For the next three days, Melissa faced abominable and dehumanizing conditions. She recalled with anger, “I slept on a concrete floor, in a tiny room with four concrete walls, on a disgusting ratty mat next to a musty water drain that was more like a sewer, while being treated like a dog by staff members, served food through a door hole and open showered with actual felons at midnight.”

There was no soap available to wash her hands after using the toilets, which anyone could watch as she openly shared it with her cell mate.

“I was treated like a felon,” she said, “when this was supposed be a ‘civil’ case. There was no TV, no cards, no vending machine—nothing to do but stare at four walls and listen to the catcalls from felons down the hall and vomiting from people going through drug withdrawals.

“It was a very unpleasant experience,” she added. “I really had a hard time coping with some of the officers treating me like I was subhuman. Being in an environment where you get treated like a caged animal is really degrading.

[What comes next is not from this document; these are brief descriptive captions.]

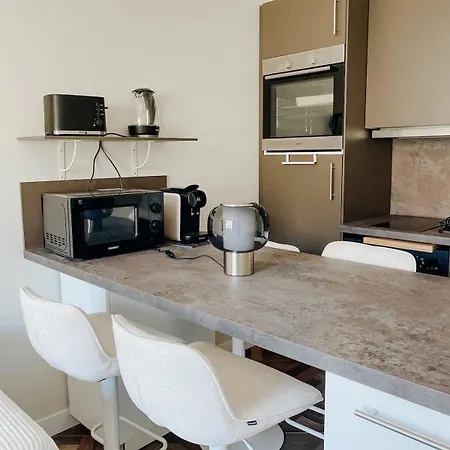 Apartman Charming Apartment, Air-conditioned And Centrally Located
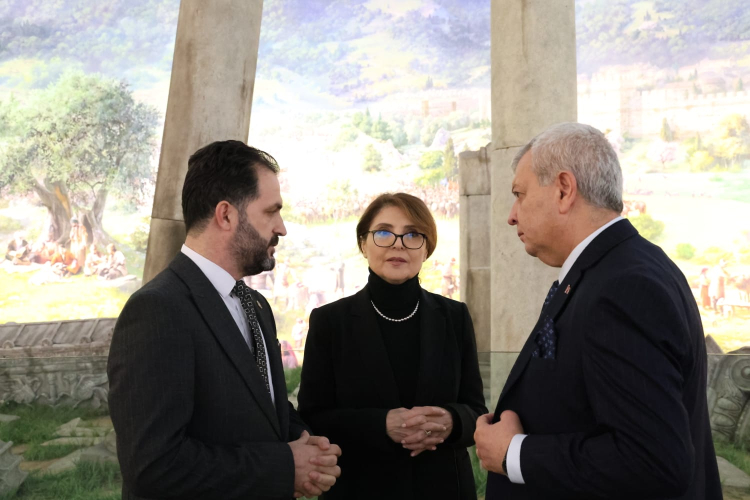 Bakan Bolkvadze Bursa'da Panorama 1326’yı Gezdi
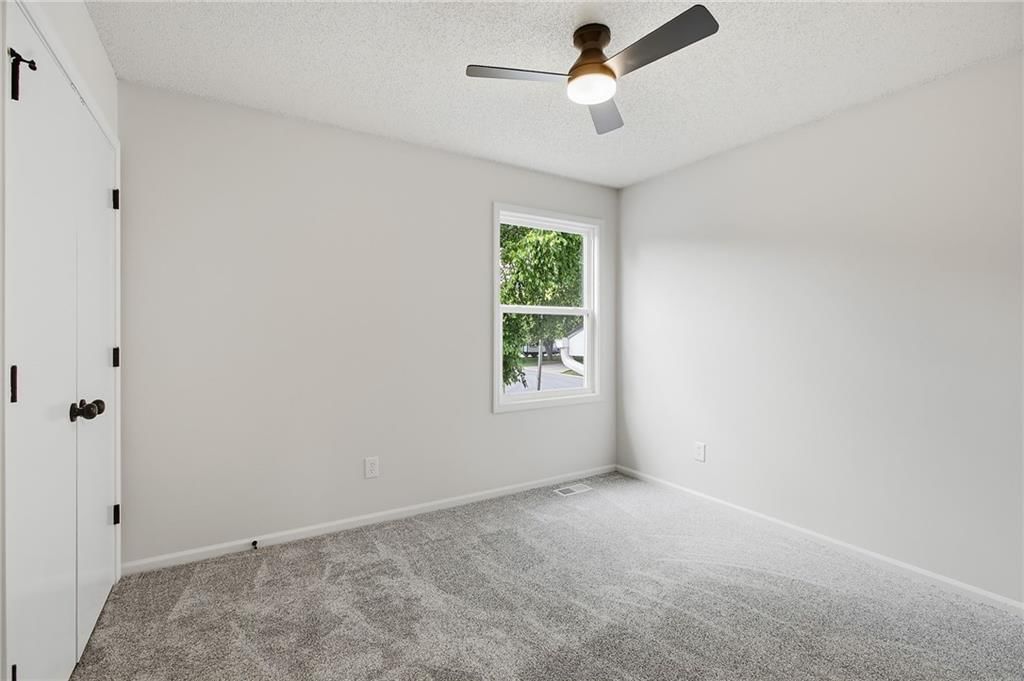 1045 Carousel Lane — photo 15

“All of this happened because I failed to pay off an ambulance bill from 2014.”

A heart condition

In July 2014, Melissa Latronica was eight months pregnant and developed a heart problem. “I was sitting on my bed and started to feel dizzy,” she said. “It didn’t seem to be a big deal at first, but then I started to feel my heart pumping faster and faster, and soon I was gasping for air.”

She could not talk but mustered up the strength to walk. “I had to dizzily enter the kitchen,” she recalled, “where my then-husband and children were watching TV, to try to say I needed an ambulance, but I didn’t need to say it. I was gasping for air, for my survival, and soon found myself on the living room floor.”

Her husband at the time called 911 and emergency services. “I couldn’t tell time between when I hit the ground,” she said, “to when the paramedics were shoving oxygen masks on my face, saying ‘Tachycardia—over 300—hurry!’ to when I was looking at the ambulance ceiling, to when I was recovering with Benadryl and IVs on the emergency room bed.”

“This is the beginning of how I wound up in jail five years later,” she added with anger.

Melissa recovered from her heart condition in 2014 but incurred a $3,000 ambulance bill. She never received these bills because they were likely sent to an older address. The unpaid bills were then sent to a collection agency which eventually took her unpaid debt to court. The court then sent notices to summon her to pay her debt.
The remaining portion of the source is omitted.